Hypesters On the way up, many a musician has turned to advertising to put bread on the table. Willie Nelson sang a ditty for Austin’s McMorris Ford in 1972, and four years later, Christopher Cross, pre-‘Sailing,’ recorded a jingle for Dyer Electronics, also of Austin.


Fifties Fort Worth’s Metropolitan Baptist Church dismisses Willie Nelson from his position as Sunday school teacher after complaints of his sinful appearances playing guitar in local beer joints. Before establishing his career, Willie was a disc jockey (at KBOP in Pleasanton, among other stations), a hog farmer, a tree-trimmer, and a saddlemaker. He even sold Bibles, encyclopedias, and vacuum cleaners.

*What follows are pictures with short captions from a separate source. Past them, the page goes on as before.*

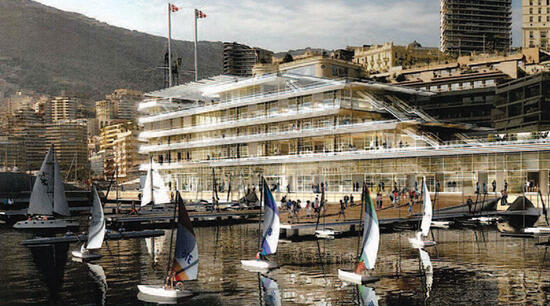 New Yacht Club de Monaco - designed by Lord Foster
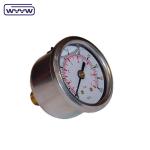 1/4'' BSP Thread Liquid Filled Pressure Gauge Stainless Steel Bourton Tube For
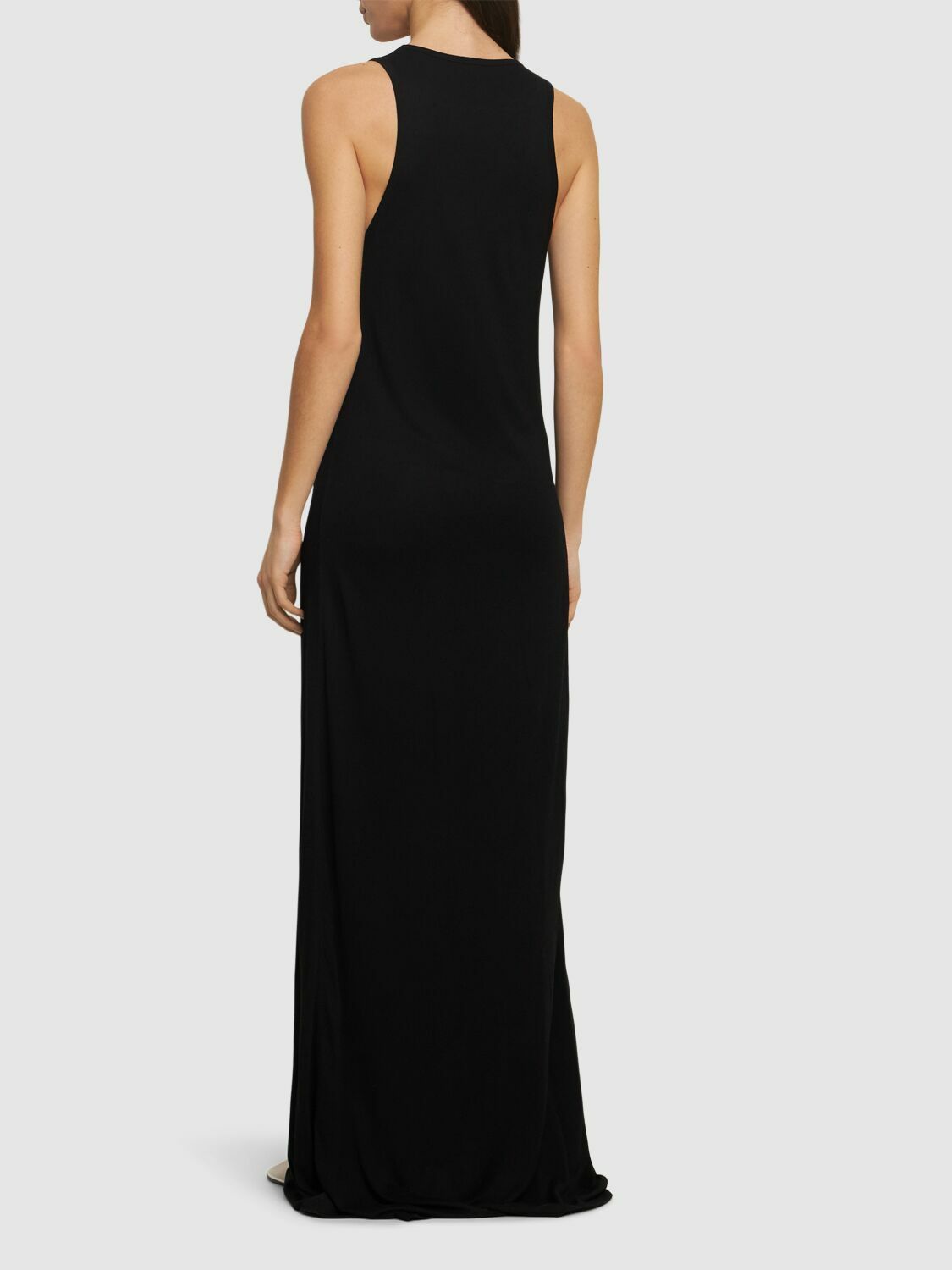 chinese dress ladies Vittoria Scoop-Neck Lace-up Back Maxi Dress in Olive Green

1972 Rody Kennedy hosts the first Kerrville Folk Festival at his Quiet Valley Ranch. Despite rain-outs and floods, the annual event quickly becomes an institution, introducing such stars-to-be as Michelle Shocked, Lyle Lovett, and Nanci Griffith.

Thirties Swing fiddler J. R. Chatwell of San Antonio, alias Chat the Cat, swears he’ll never play farther west than Amarillo, even if it means he’ll never make it big. He never makes it big.

Buddy Holly and Elvis Presley meet in 1955 when the future King appears in Holly’s hometown of Lubbock. Elvis’ sex appeal so enrages West Texans that they fill the gas tank of his brand-new pink Cadillac with sugar.

Late forties Jazz saxophonists King Curtis (a.k.a. Curtis Ousley) and Ornette Coleman play in the I. M. Terrell High School Panther Band.

Circa 1912 Leadbelly meets Blind Lemon Jefferson in Dallas’ Deep Ellum, and they start performing together on the street.